Friday, April 3, 2009

Are you Making it Easier or Harder to Use Technology?

I was attending a meeting today with a bunch of tech coordinators discussing extending Maine's laptop initiative into high schools. I always find these meetings really interesting. The technical people always want to discuss security of networks, locking down users' privileges and making it difficult for those little angels to screw up their machines.

One of the representatives from Apple Computer mentioned that Apple gives it's employees full access to their equipment (yes administrative access). It made me think about what I do as a technology leader in my building. I seem to have a different view of my role from some of the others in this meeting today. I see my role as one that removes the barriers from teachers and students to technology - not creating hurdles that they must jump over to get to the learning. Is it more important to have the most secure network and equipment or to have people pushing the envelope and doing great things with the technology? I'd rather see teachers spending their time planning innovative projects that use technology to improve learning for all learners than trying to figure out how to get around all the locks on their machines and the network.

If you're a teacher I hope you have a technology department that supports your ideas of using technology to improve student learning.

If you're a technology leader I hope you strive to remove the barriers between your teachers and their technology use in the classroom.
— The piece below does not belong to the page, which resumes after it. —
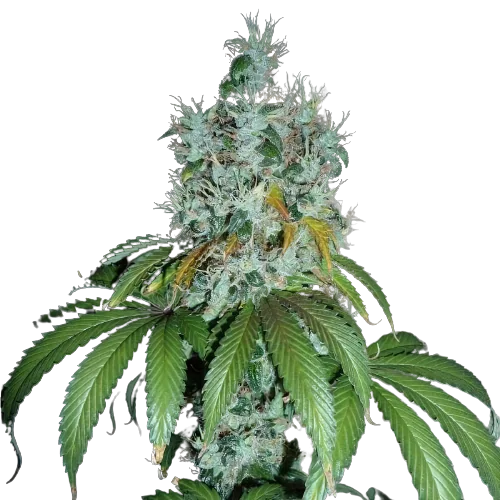 Kuchi cannabis seeds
If nothing is happening on your networks and machines it really doesn't matter how secure you are.

Image Attribution:

Image: 'Cardinal Health picnic'
www.flickr.com/photos/9031691@N08/2777266738

2 comments:

Mike Muir said...

Mike,

You're my kind of tech coordinator! I hope all teachers have one like you!

Mike Muir

Ernie Easter said...

Bravo! Well said. We need to find more ways to encourage learning, not discourage it. Let us be educators, not internet police.